Well, 52% of it did anyway.  The UK has voted to leave the European Union and plans are already underway to ‘Make it so’: as Jean-Luc Picard would have said.    

Anyone who read my last leader will know that I didn’t want to leave, and why.  But, what’s done is done and I guess we’ll all just have to make the best of it.  Perhaps now some of the lies and deceit we have had to put up with for the last few months will begin to fade.  However, with a new Prime Minister to elect and the leader of the opposition being on definitely dodgy ground, I suspect not.    

Maybe the Brexiteers will be proved right.  Maybe we will be better off on our own; perhaps the Norther Irish will get on better now with their republican brethren; Scotland might get its independence; and we might live happily ever after.  The English football team are also on target for a World Cup win I believe.  
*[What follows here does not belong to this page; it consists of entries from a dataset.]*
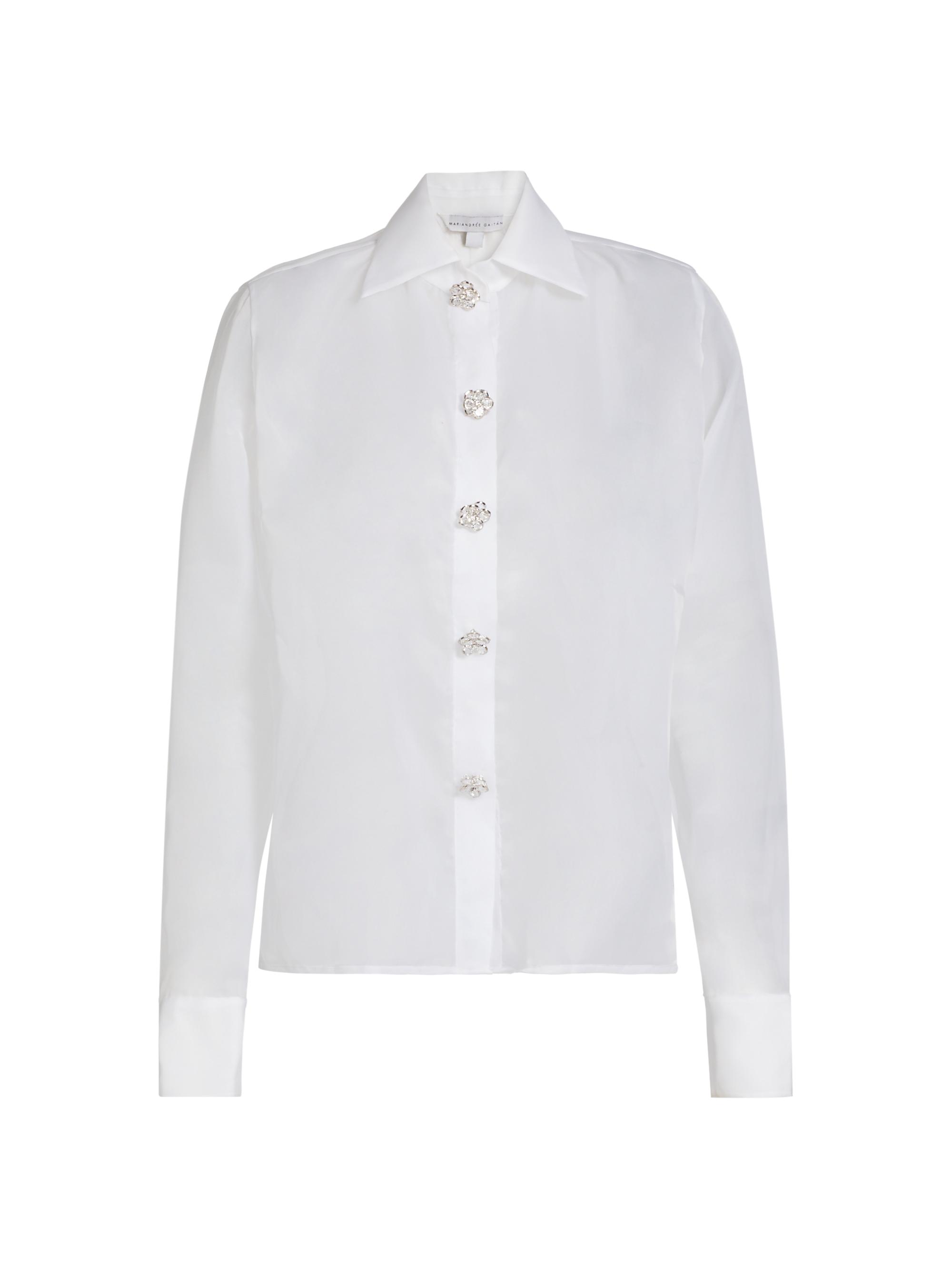 Mariandree Gaitan Women's Laura Embellished Organza Blouse - White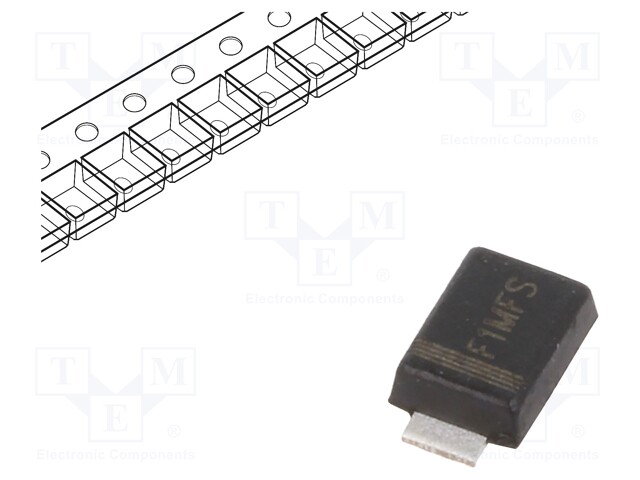 Diode: rectifying; SMD; 1000V; 1A; 500ns; Package: reel,tape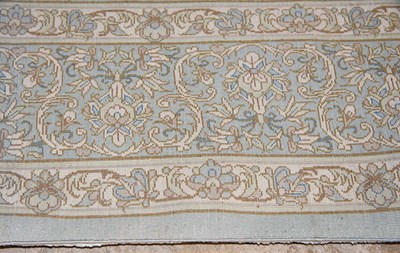 Lot 14 - Signed silk Qum carpet of saffron colors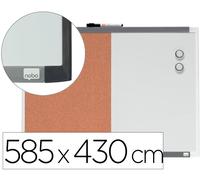 Pizarra blanca magnética con bandeja Cortica 585X430 mm - NOBO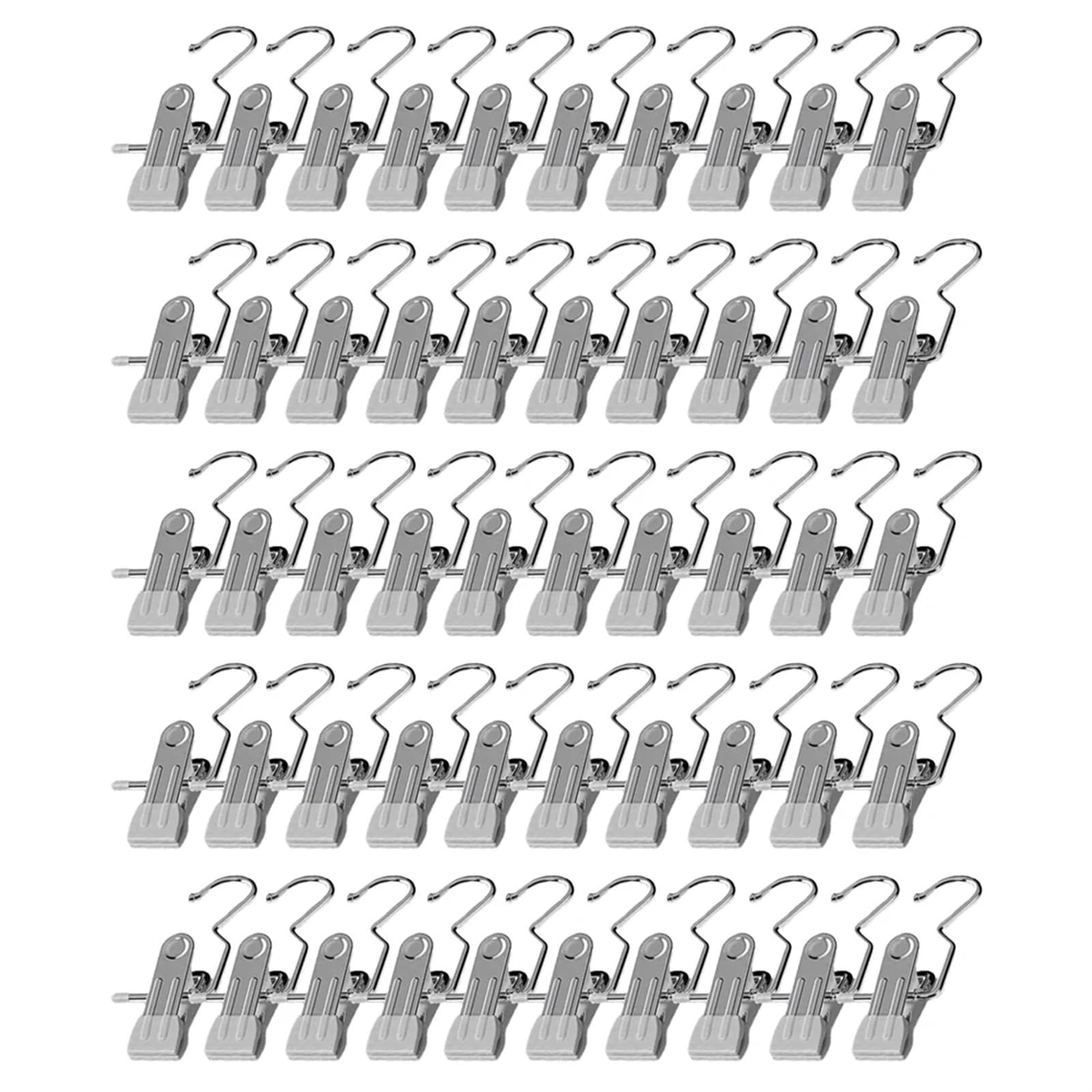 Klamerki do bielizny na sznurku do prania Klamerki do bielizny ze stali nierdzewnej z haczykami do wieszania ubrań(Gray,50pcs)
The truth is, nobody has the faintest idea how this shambles is going to shake out nor how to achieve what the British public have demanded … no matter what they say in front of the TV cameras.  We’ll just all have to hang on and see where we end up and trust that our leaders know what they are doing. But as most of them voted to stay, there are more manning the lifeboats than the tiller.  

The leavers are very chipper right now and the remainers are frightened. But nothing ever turns out to be as bad as we fear nor as good as we hope.  The European Union has had a kick up the backside and it might well turn out that the reforms that make it better for us all will come from what right now seems like lunacy.  

The international moving industry thrives on change.  It doesn’t matter why people are moving, just that they are.  The industry is very resilient and we may find, after the initial shock has subsided, that things turn out fine.  Domestically, however, we might be in for a rougher ride as people feel less certain about their futures and less rich.    

If you want to understand what the British are concerned about, look to our sense of humour.  The more we joke about something, the more worried we are.  I’ve heard, for example, that there is a proposal to change our name from the United Kingdom, to Poundland as we are united only by our currency.  Sounds like a plan.